Work required:
Only the lines from the one with "1-1_The-Picture-Book-of-Peonies_picture-crop" through the end of the data below belong in the answer, restated word for word, pictures excluded.

Material provided:
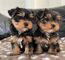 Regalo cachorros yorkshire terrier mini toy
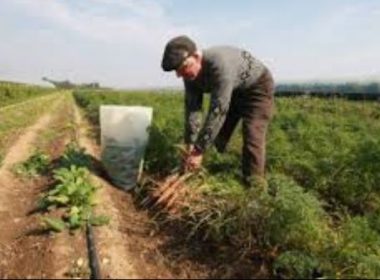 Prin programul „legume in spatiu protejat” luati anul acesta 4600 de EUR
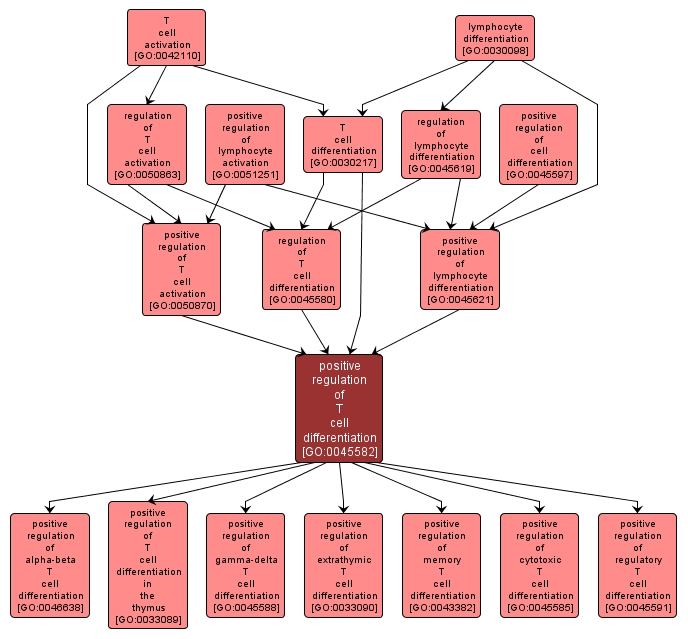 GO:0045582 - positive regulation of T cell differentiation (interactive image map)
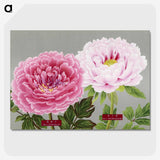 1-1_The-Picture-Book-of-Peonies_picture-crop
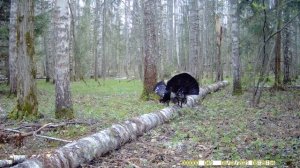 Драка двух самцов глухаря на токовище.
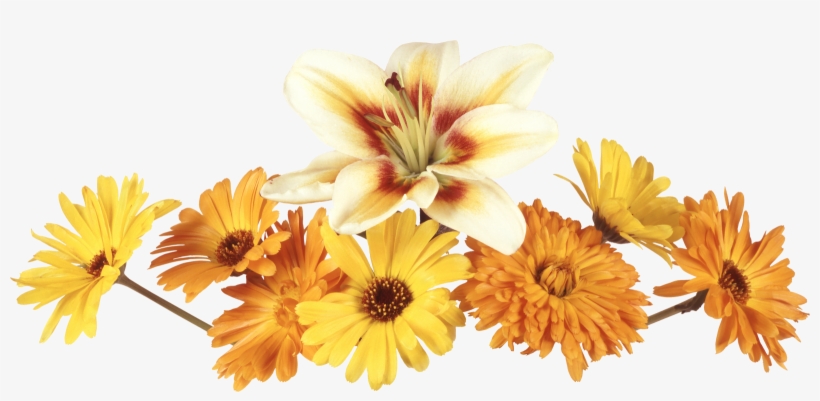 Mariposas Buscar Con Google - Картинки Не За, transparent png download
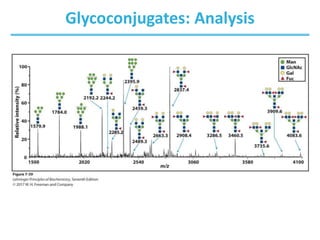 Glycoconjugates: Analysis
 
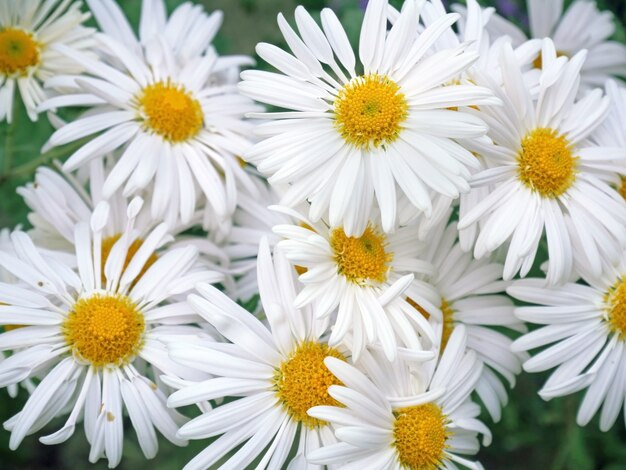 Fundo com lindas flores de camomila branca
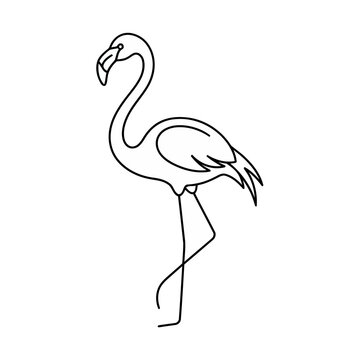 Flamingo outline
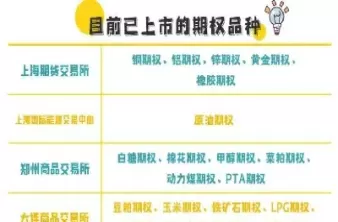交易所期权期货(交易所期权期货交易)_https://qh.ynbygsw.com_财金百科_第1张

Result of this exercise:
 1-1_The-Picture-Book-of-Peonies_picture-crop
 Драка двух самцов глухаря на токовище.
 Mariposas Buscar Con Google - Картинки Не За, transparent png download
 Glycoconjugates: Analysis
 
 Fundo com lindas flores de camomila branca
 Flamingo outline
交易所期权期货(交易所期权期货交易)_https://qh.ynbygsw.com_财金百科_第1张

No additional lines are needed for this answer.